*** Opening of SUPPLIED ENTRIES ***
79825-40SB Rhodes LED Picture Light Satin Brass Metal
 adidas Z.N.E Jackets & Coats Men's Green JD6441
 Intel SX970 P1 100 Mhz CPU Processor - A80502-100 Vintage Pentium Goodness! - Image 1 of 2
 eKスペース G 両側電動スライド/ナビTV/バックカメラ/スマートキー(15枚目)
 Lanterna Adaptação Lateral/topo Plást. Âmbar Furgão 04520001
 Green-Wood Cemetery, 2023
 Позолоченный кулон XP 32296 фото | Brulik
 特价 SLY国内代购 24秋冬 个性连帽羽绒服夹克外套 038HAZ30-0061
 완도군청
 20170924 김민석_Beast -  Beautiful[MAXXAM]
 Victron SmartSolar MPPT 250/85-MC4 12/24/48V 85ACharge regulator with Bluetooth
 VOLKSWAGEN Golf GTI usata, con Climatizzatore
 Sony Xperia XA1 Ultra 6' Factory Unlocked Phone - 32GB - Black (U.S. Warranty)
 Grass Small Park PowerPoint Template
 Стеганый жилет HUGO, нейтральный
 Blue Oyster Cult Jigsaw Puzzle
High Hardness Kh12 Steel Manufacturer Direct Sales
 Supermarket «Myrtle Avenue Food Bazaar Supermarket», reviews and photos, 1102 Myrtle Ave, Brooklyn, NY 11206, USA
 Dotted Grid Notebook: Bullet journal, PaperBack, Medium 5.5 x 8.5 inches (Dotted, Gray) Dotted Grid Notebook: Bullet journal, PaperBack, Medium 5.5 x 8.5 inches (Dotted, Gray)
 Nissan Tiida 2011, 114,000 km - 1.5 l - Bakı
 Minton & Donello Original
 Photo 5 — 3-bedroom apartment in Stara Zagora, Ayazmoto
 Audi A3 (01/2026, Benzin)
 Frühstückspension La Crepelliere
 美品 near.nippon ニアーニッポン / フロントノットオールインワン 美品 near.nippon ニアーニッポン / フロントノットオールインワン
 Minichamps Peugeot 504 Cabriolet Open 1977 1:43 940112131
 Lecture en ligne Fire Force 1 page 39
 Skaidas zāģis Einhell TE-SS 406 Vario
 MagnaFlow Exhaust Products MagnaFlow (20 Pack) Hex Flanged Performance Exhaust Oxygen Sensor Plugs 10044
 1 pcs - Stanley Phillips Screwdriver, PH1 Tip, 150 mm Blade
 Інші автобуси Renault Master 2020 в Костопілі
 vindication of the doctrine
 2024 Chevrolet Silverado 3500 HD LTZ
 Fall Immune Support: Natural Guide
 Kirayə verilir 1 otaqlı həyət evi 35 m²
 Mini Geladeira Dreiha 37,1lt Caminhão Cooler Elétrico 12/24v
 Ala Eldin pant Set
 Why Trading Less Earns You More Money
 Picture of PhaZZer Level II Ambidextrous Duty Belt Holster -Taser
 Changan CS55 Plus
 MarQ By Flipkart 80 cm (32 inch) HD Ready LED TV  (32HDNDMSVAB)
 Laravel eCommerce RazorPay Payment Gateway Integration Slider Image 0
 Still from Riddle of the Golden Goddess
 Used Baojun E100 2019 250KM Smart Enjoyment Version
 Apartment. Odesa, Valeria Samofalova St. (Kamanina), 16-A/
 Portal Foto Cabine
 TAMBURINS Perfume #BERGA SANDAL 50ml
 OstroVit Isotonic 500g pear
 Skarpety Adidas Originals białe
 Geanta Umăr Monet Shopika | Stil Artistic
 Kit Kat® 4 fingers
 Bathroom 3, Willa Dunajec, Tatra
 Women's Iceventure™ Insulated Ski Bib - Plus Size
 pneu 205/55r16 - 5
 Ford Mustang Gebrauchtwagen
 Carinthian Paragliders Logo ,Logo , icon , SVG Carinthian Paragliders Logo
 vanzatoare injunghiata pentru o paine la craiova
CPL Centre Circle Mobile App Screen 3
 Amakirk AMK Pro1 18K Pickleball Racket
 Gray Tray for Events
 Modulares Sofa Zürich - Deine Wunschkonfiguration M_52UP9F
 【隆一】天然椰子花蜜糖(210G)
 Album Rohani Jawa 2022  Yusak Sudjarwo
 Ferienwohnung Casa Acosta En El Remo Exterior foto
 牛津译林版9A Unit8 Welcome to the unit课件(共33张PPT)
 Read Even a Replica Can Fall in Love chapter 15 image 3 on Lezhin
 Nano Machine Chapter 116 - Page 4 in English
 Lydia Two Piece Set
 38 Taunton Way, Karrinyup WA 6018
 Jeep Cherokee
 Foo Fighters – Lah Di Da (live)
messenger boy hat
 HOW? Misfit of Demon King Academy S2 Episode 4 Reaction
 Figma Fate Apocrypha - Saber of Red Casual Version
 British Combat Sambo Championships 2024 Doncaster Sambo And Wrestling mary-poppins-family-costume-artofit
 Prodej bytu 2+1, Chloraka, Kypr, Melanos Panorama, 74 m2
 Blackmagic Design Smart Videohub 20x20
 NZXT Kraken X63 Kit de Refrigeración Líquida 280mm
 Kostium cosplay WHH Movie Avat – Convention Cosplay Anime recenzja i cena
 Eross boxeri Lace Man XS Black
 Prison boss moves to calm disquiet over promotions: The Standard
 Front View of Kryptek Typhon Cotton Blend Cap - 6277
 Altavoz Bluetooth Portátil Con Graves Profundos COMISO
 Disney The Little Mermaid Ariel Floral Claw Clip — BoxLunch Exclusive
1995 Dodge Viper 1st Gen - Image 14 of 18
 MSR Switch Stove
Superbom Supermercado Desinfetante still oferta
*** Close of SUPPLIED ENTRIES ***
→ **WHAT THE TASK ASKS**:
Taking the entries above, write out exactly the lines starting with the line containing "Eross boxeri Lace Man XS Black" and going on through the line containing "Disney The Little", both included, and nothing else.

→ **SOLUTION FOR THIS PROBLEM**:
 Eross boxeri Lace Man XS Black
 Prison boss moves to calm disquiet over promotions: The Standard
 Front View of Kryptek Typhon Cotton Blend Cap - 6277
 Altavoz Bluetooth Portátil Con Graves Profundos COMISO
 Disney The Little Mermaid Ariel Floral Claw Clip — BoxLunch Exclusive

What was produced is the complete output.